Su madre María Victoria Henao -María Isabel Santos Caballero, según su documento legal-, fue la última en dejar la prisión, 18 meses después de la detención. Pero la causa duró siete años, hasta que un fallo de la Corte Suprema la dio por terminada a favor de la familia.

“Lo que quedó claro es que todas la maniobras que el juez dibujaba ante los medios como grandes maniobras de lavado de dinero eran, justamente, contrarias a las prácticas comunes del lavado de dinero.
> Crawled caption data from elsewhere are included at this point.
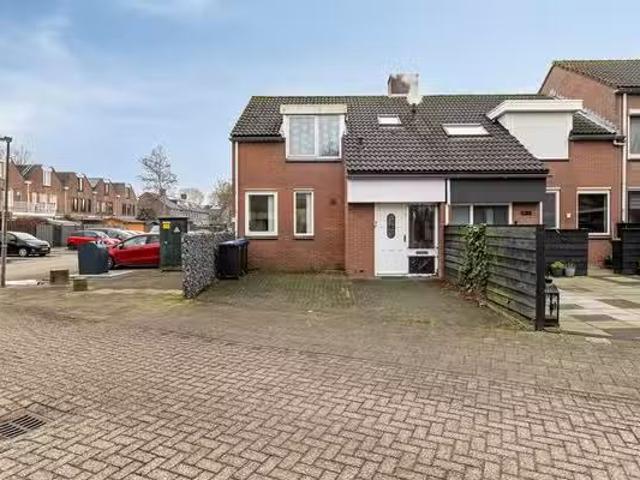 Woning te koop in Ommoord, Rotterdam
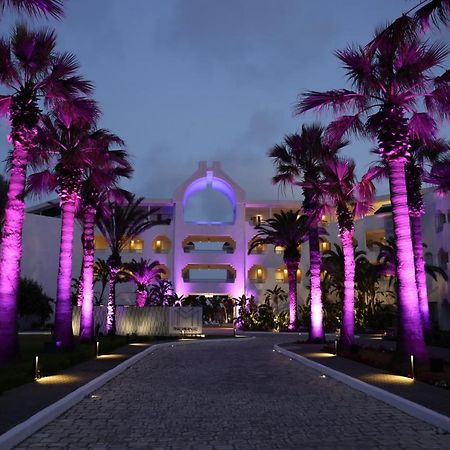 The Mirage Resort & Spa Hammamet Buitenkant foto The resort at night
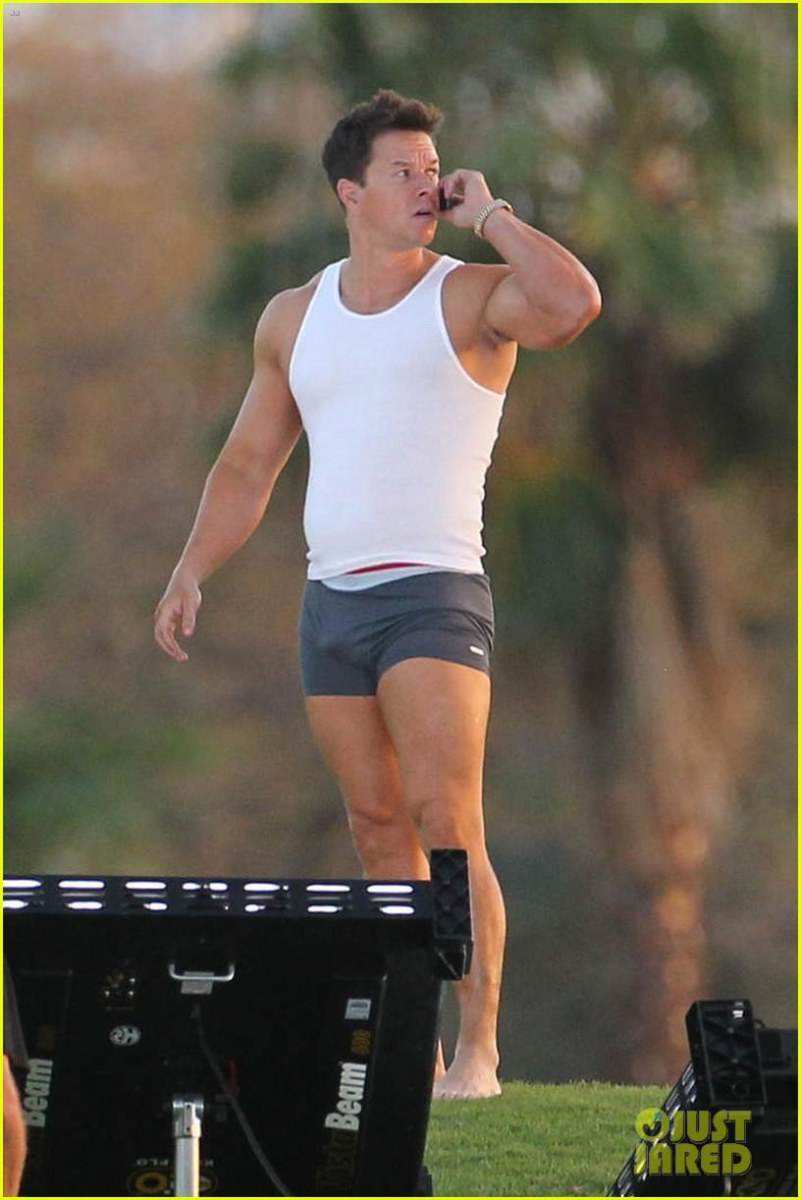 Mark Wahlberg In Underwear For 'Pain & Gain'!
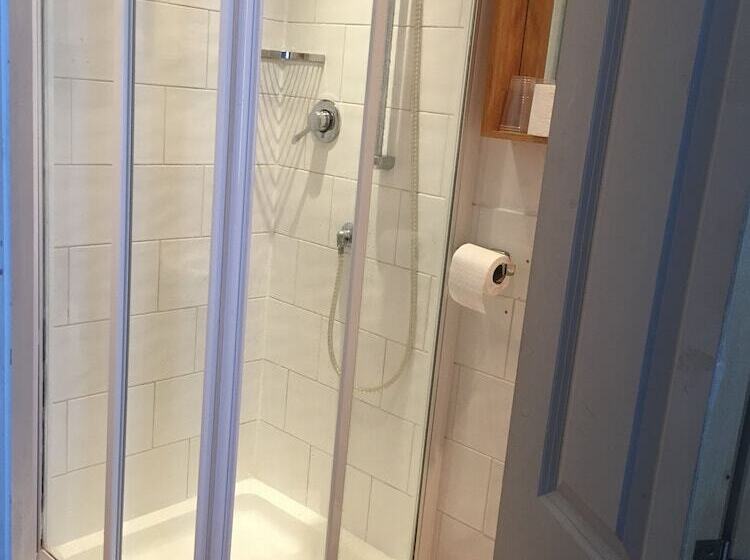 בית מלון כפרי Hudsons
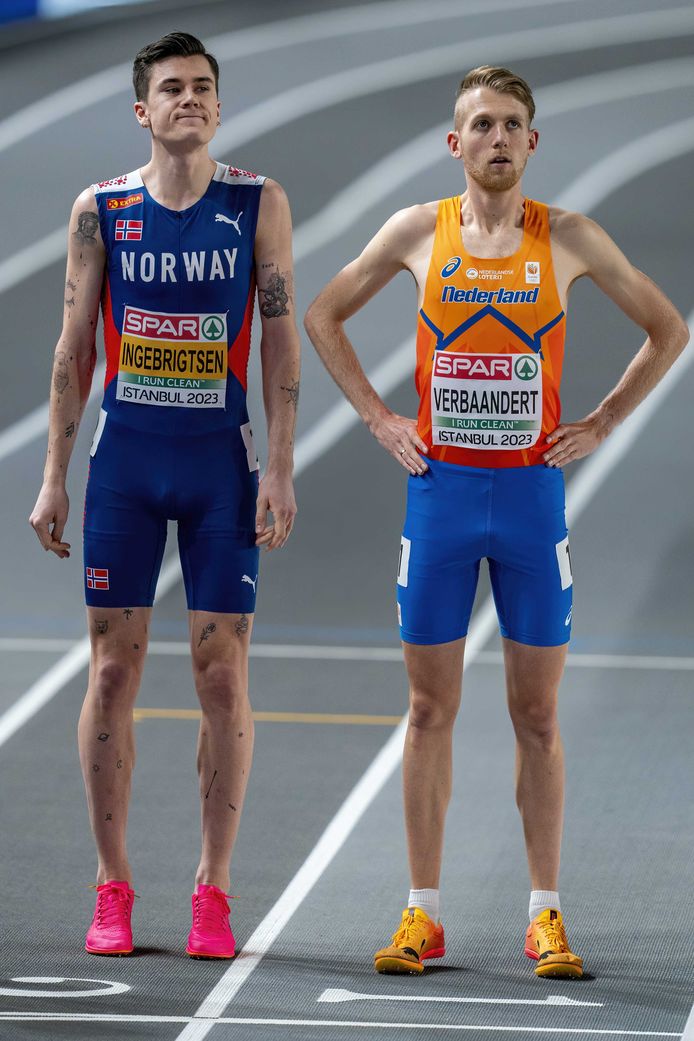 Tim Verbaandert en Jakob Ingebrigtsen voor de start van de series van de 3000 meter.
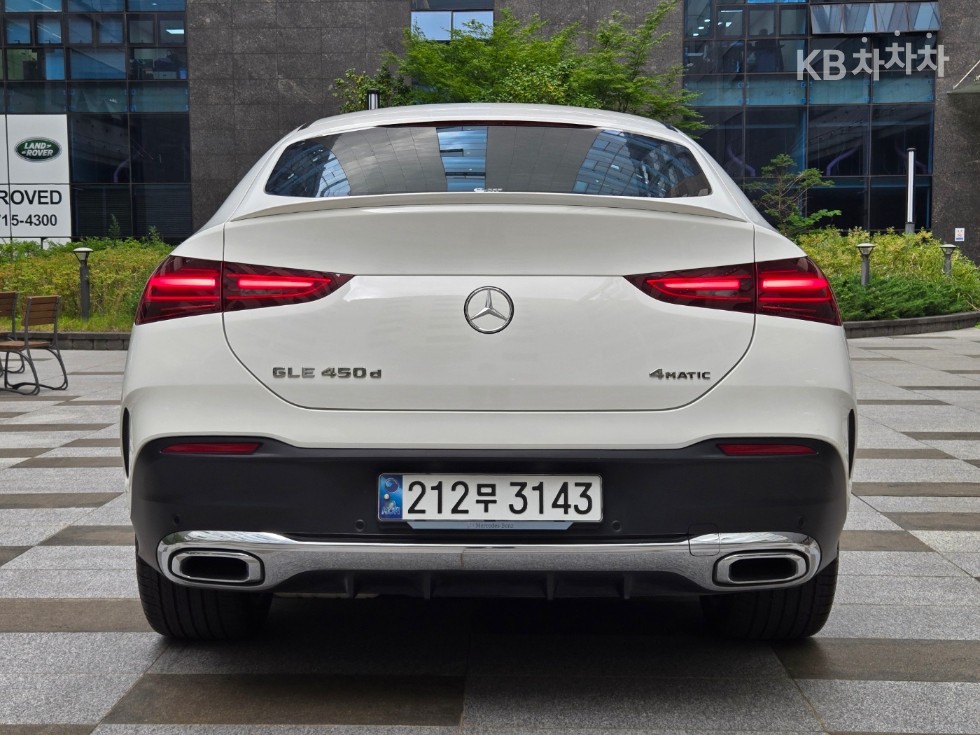 Mercedes-Benz GLE-Class BASE MODEL — фото 3
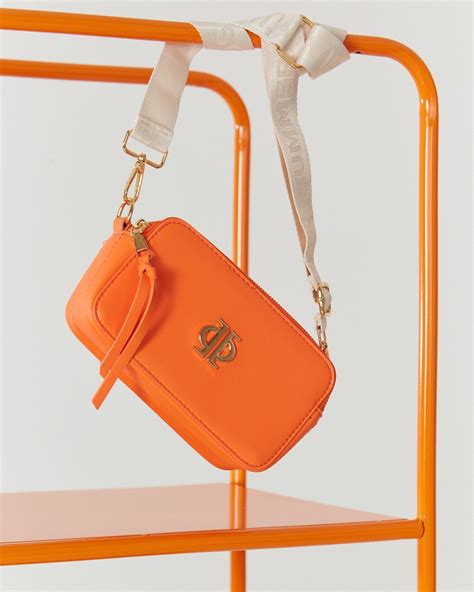 Sophia Summers - Marroquinería y accesorios de acero premium (@sophiasummers.ar) • Instagram ...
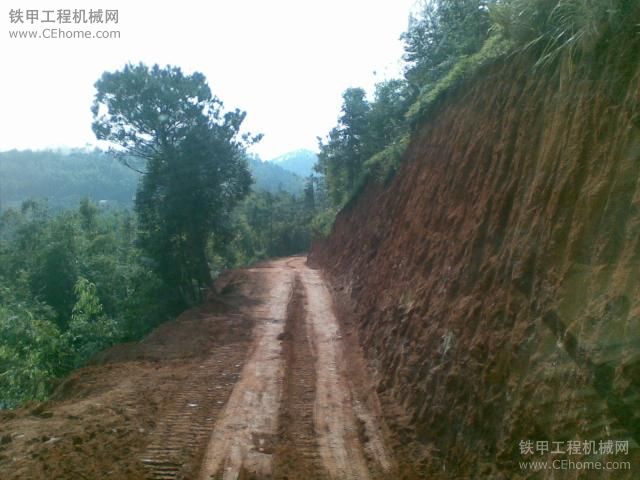 过年了终于有空整理相片大家分享之十二月尾进山开林路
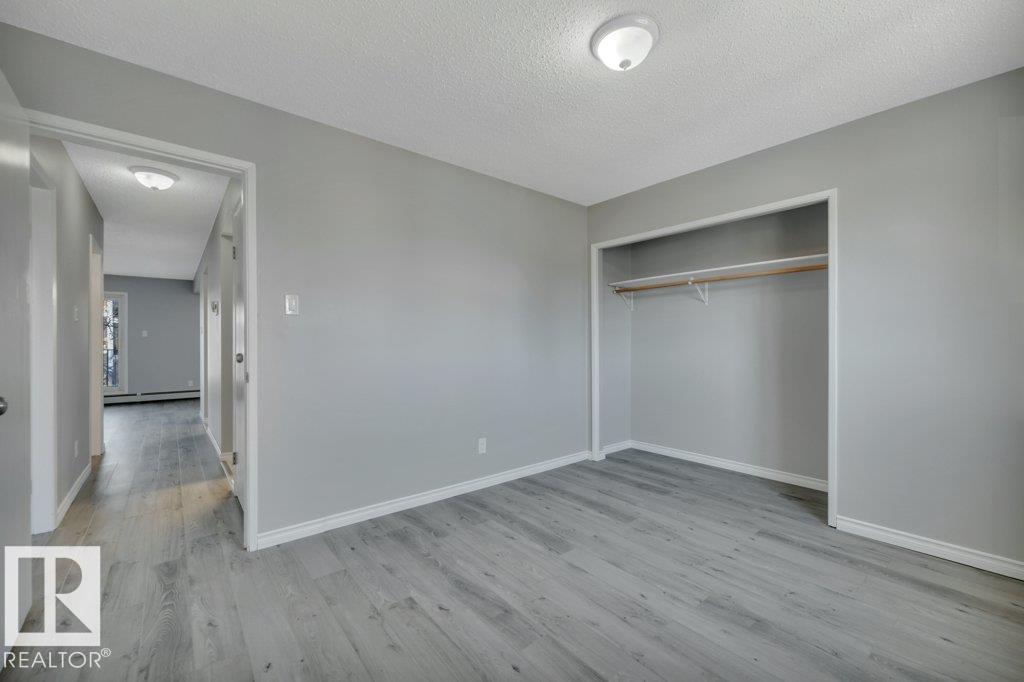 #3 7404 38 AV NW - 25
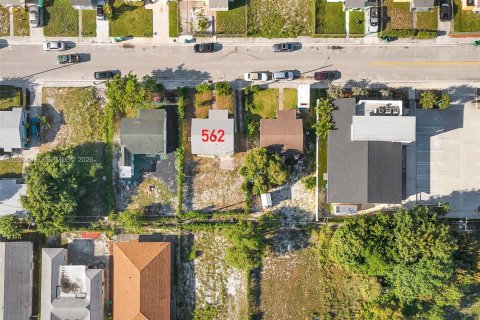 Casa en venta en Riviera Beach, Florida, 2 dormitorios, 66.89 m2 № 2244448 - foto 12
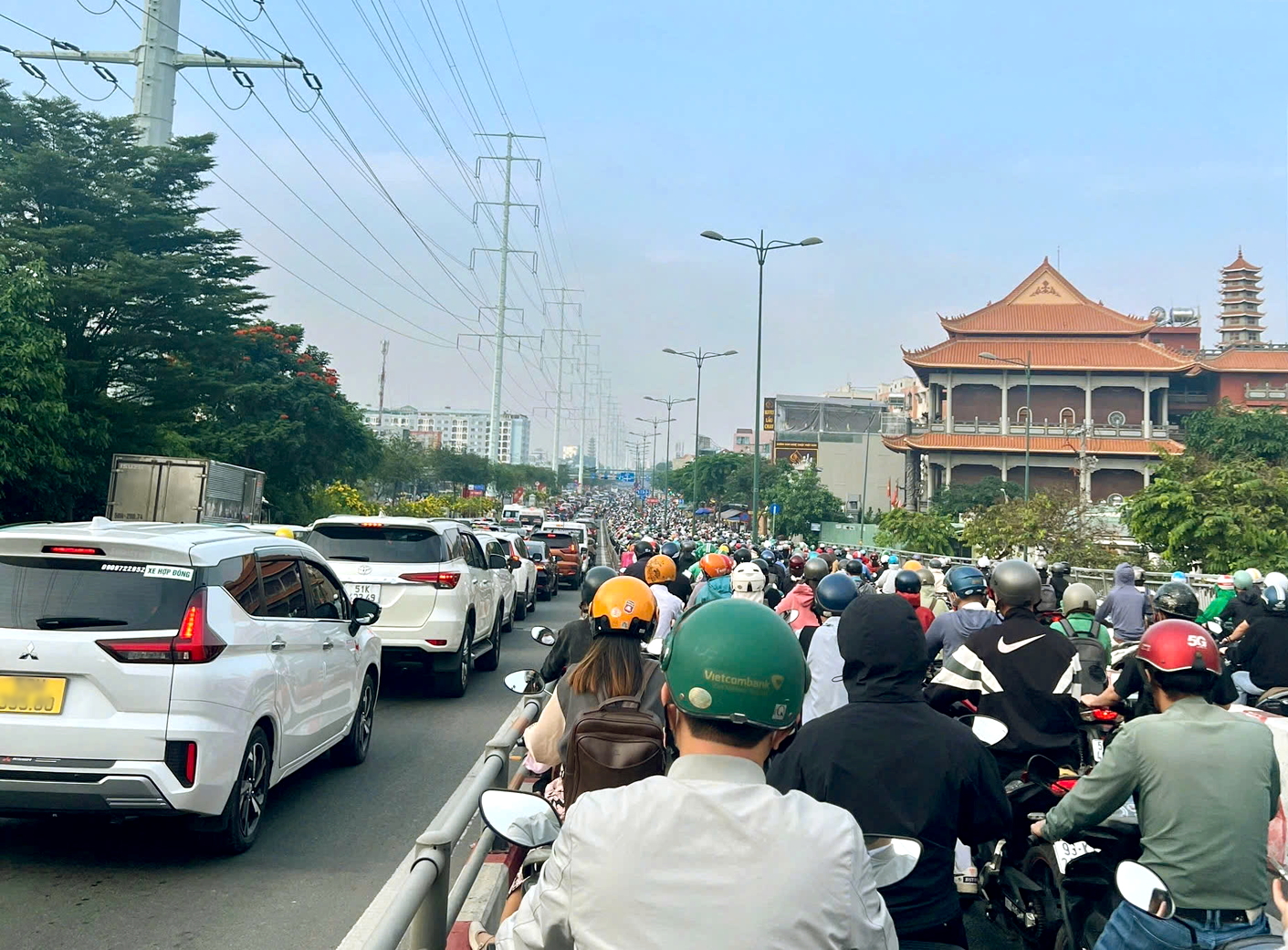 Đoạn đường qua dốc cầu Bình Lợi (quận Bình Thạnh)  về hướng sân bay Tân Sơn Nhất kẹt cứng trong ngày đầu tuần 13/1 - ẢNH: Q.T.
Nosotros no vinimos a lavar dinero a la Argentina, nosotros vinimos a educarnos, a alejarnos de la violencia de Colombia”, dijo Juan Pablo.

En su libro, el hijo de Pablo Escobar denunció también supuestos intentos de acuerdos extrajudiciales por iniciativa del juzgado. “Lo único que nos ofrecía el juez Cavallo era que si declarábamos contra Menem sí nos dejaba libres. Yo no sé por qué teníamos que declarar algo que no era (…) El juez tenía una obsesión con Menem, si declarábamos contra él no habríamos pasado un día en la cárcel”, denunció.

Enigmáticas visitas en Nápoles

Durante los años de esplendor de la finca Nápoles, construida por Pablo Escobar como casa de fin de semana y centro de sus actividades mafiosas, pasaron miles de invitados. Algunos llegaban en aviones o helicópteros enviados por el capo narco, otros en auto y los más osados, en motocicleta. Juan Pablo recuerda decenas de artistas, políticos e intelectuales de todo el mundo, pero pocos argentinos.

“No había argentinos. Hubo uno sólo al que le decían cariñosamente “el Che”, pero no tengo idea que hacía. Obviamente hablaba con la tonada argentina. Era mayor y considero que ya debe haber fallecido”, reveló.

El argumento de Juan Pablo fue que para Pablo Escobar, “la Argentina no tenía interés alguno”. “Su ruta no pasaba acá –explicó-, el país no tenía atractivo para el negocio de mi padre en el contexto de esa época, en la que miraba hacia el Norte”.